(Stored records)
- - - - -

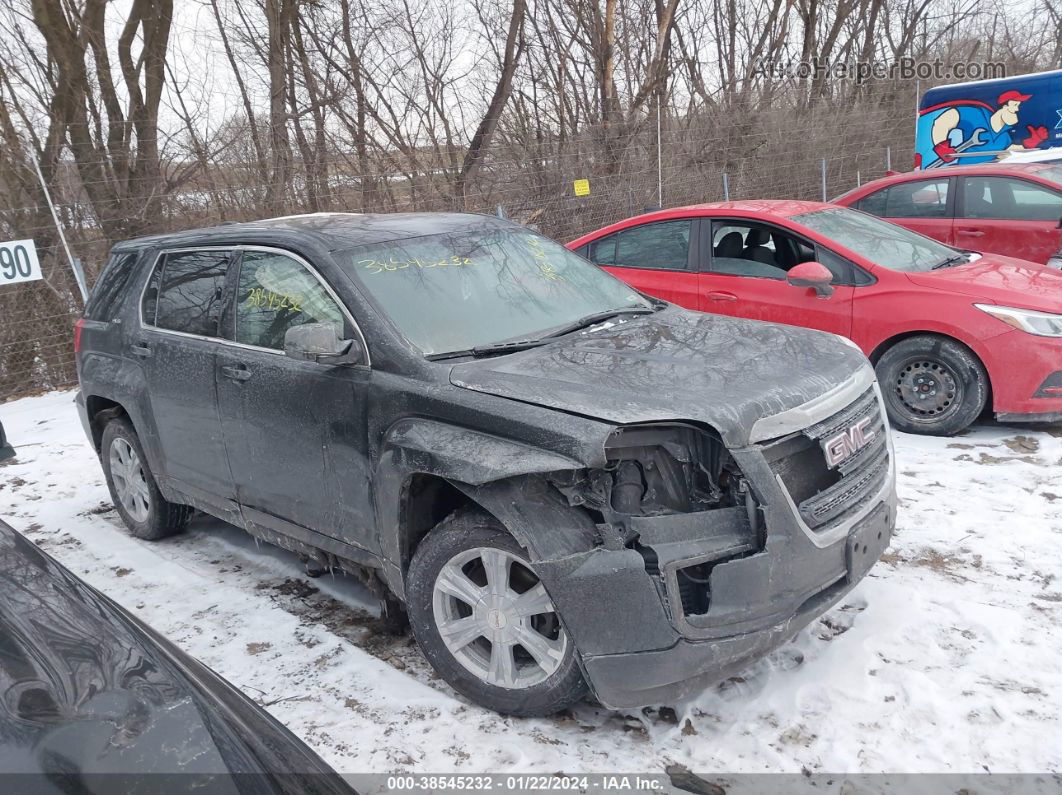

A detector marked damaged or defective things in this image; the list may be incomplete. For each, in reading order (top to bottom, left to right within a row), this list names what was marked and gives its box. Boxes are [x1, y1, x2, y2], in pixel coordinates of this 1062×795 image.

exposed headlight housing [972, 303, 1062, 337]
damaged front end [520, 377, 896, 709]
crumpled front bumper [539, 369, 896, 709]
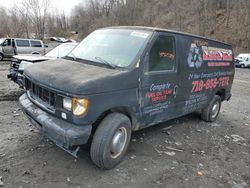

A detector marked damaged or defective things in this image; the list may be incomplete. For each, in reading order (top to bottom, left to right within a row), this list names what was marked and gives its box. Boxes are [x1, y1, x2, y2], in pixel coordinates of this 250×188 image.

- - - - -

Assignment =>
An exact copy of the records is required. Pictures do not belong in it.

Result of this exercise =>
A detector marked damaged or defective things in this image; the list may be incomplete. For each, in reading order (top to bottom, left to right within a row), this list names what was marked and gives its box. Boxes are [x1, y1, x2, y2], in pixel coordinates of this 1062×795 image.

exposed headlight housing [972, 303, 1062, 337]
damaged front end [520, 377, 896, 709]
crumpled front bumper [539, 369, 896, 709]

A detector marked damaged or defective things in this image; the list may be incomplete. For each, in reading order (top to bottom, left to right within a row), this list names what was marked and gives its box. Boxes are [x1, y1, x2, y2], in pixel coordinates of this 250×188 image.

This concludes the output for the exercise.